1950. Collège Saint-Edouard, Port-Alfred. Je commence ma première année et c'est «L'Année Sainte». L'école fait imprimer un album commémoratif. Tous les élèves y sont photographiés, dont Grégoire et son frère Martin, lesquels, si je ne m'abuse, furent des premières cohortes baieriveraines à terminer au Collège St-Edouard la première partie du vieux cours classique (latin, grec, littérature française, etc). J'ai réussi à conserver cet album plus de cinquante ans et maintenant, je ne le trouve plus.
1960-1965, Petit Séminaire de Chicoutimi. J'y termine mon Cours Classique. Grégoire n'y est plus, mais je sais qu'il existe. Mutt travaille aux machines à papier de la Consol avec Alphonse Tremblay, le père de Lise, qui deviendra l'épouse de Grégoire et la mère de ses deux filles. Grégoire est étudiant en Médecine et entend devenir psychiatre.
1971. Je suis interne à l'Hôtel-Dieu St-Vallier. Ce soir-là, alors que je suis de garde, on m'appelle à Ste-Thérèse, l'étage des malades de l'humeur. Il y a cette patiente d'un psychiatre fraîchement arrivé -un dénommé Grégoire Bouchard- qui vient tout juste d'être hospitalisée. Syndrome émotionnel évident, mais aussi cette main qui plie et se recroqueville quand l'infirmière prend la tension artérielle. C'est un signe de Trousseau! La calcémie est ultra-basse! J'aurai cette chance inouïe et rarissime de pouvoir observer -ce sera la seule fois en quarante années de pratique médicale- un syndrome psychiatrique causé par une hypoparathyroïdie secondaire. Cette Almatoise avait subi une thyroïdectomie totale -que tous avaient oubliée!- quarante années plus tôt et ses quatre parathyroïdes avaient été enlevées par mégarde! Elle quittera St-Vallier quelques semaines plus tard avec le sourire, libérée de son joug.

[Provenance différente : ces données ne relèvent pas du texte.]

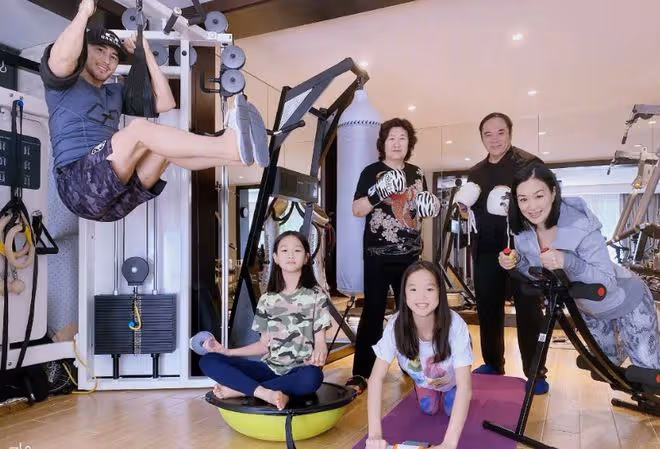 54歲鍾麗緹用珠圓玉潤的身材，打了多少內娛「白幼瘦」的臉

C'est le lendemain midi que Grégoire entrera pour de bon dans ma vie professionnelle. Tous mes camarades d'internat sont attablés dans la cafétéria de l'hôpital. Ma trouvaille a fait le tour de ce petit monde et -je l'écris en passant- je goûterai à la jalousie de quelques-uns de mes bons amis qui tenteront de la discréditer. Grégoire m'aperçoit de loin, s'en vient à ma rencontre et, s'accompagnant d'une chaleureuse tape dans mon dos, lance à la cantonade:
-Belle job, mon Dufour!
Bon Dieu que ça m'a fait du bien. Car ce sera l'une des rarissimes tapes dans le dos qu'on me donnera en dix ans d'entraînement dans les hôpitaux. Quelle magnanimité! Quelle noblesse! Quelle chaleur!

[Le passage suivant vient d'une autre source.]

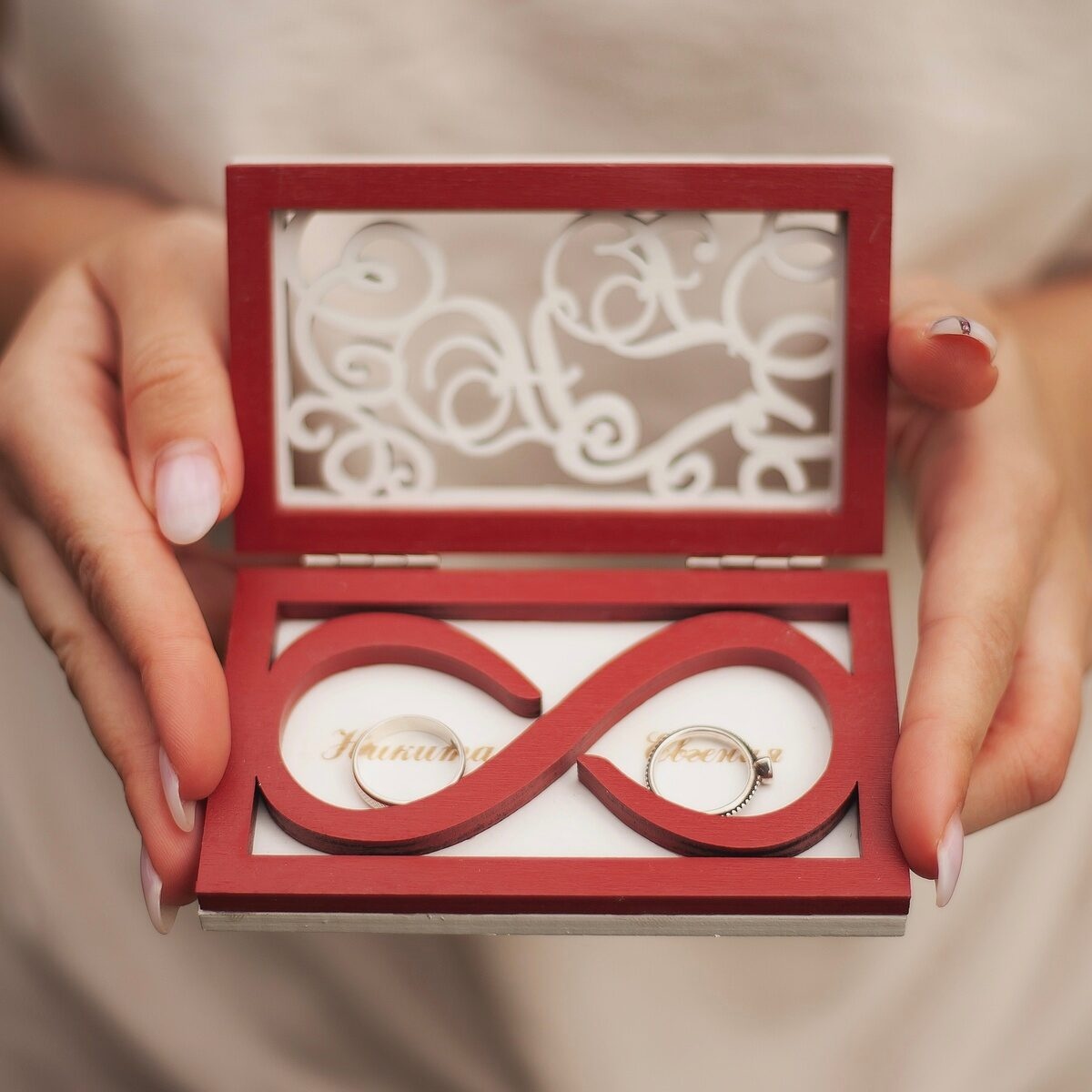 For wedding rings for the wedding ceremony - Dezin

Grégoire et moi deviendrons amis, jusqu'à ce qu'il traverse le Saguenay pour aller pratiquer à Roland-Saucier, à Chicoutimi-Nord, et je ne le reverrai à peu près plus. Au cours de ces quelques années passées à Saint-Vallier -qui n'existeront plus jamais-, je rencontrerais Grégoire et quelques autres au salon des médecins de l'Hotel-Dieu St-Vallier. Il y brillerait de tous ses feux! Tirades à l'emporte-pièce, réparties toujours à propos, beau sens de l'humour, sourire engageant.
Voilà, Gibus. J'avais pensé rendre à Grégoire cette tape dans le dos de 1971, un jour qu'il serait approprié. Il aura fait partie des roseaux-pensants que j'ai aimés.